Disobedience came hard for a nice girl like me. I was taught to respect authority, which I did, despite bumper stickers urging us to question it. I did my homework, kept to the speed limit and came home on time. I rarely got in trouble, though I admired those who did, like the people who joined picket lines or burned their draft cards.
I remember a film about Doubting Thomas that I saw in Sunday school as a girl. It was one of a series that our church showed us: the Bible story was read while a sequence of tableaux ran on the screen—it was not a motion picture, really, but more like a slide show. The actors were all attractive people with earnest expressions, and their faces stayed on the screen for a long time while the text was read. Sometimes the camera would zoom in, so that we could get a really good, long look at a particularly earnest expression.
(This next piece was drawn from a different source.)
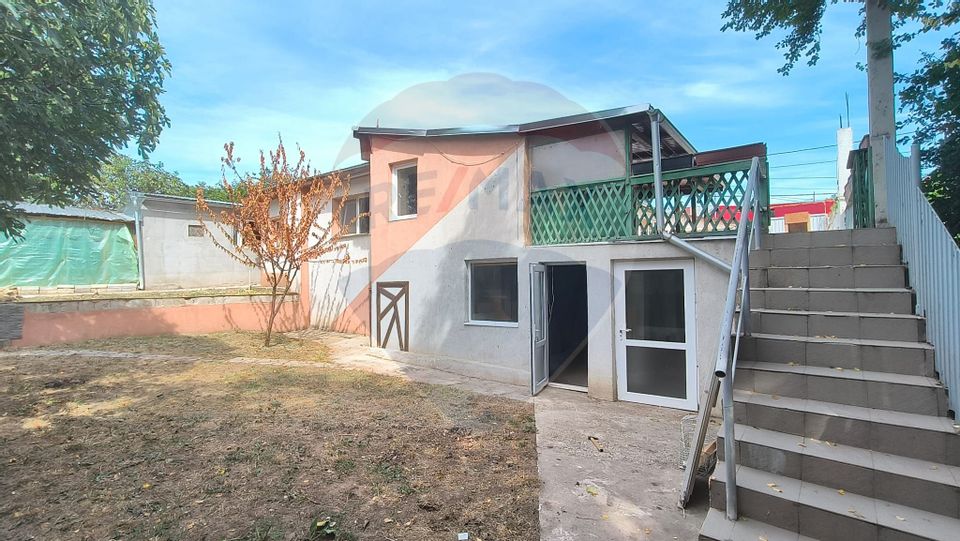Casă cu teren de vânzare în zona Nord-Est Galați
I think I would find it all a bit too much if I were to view it today. But this was a long time ago.
This week is the Second Sunday of Easter, aka "low Sunday." There
is in the life of a church a movement and momentum toward Easter Sunday, and
then inevitably a scattering, a rest after the intensity. And yet the gospel
lesson does wrestle with the implications of belief, unbelief and doubt.
Thomas used to shock me. I agreed with John Calvin that “the stupidity of Thomas was astonishing and monstrous . . . he was not only obstinate, but also proud and contemptuous in his treatment of Christ.” To be called a Doubting Thomas would have been a soul-shaking insult to my faith.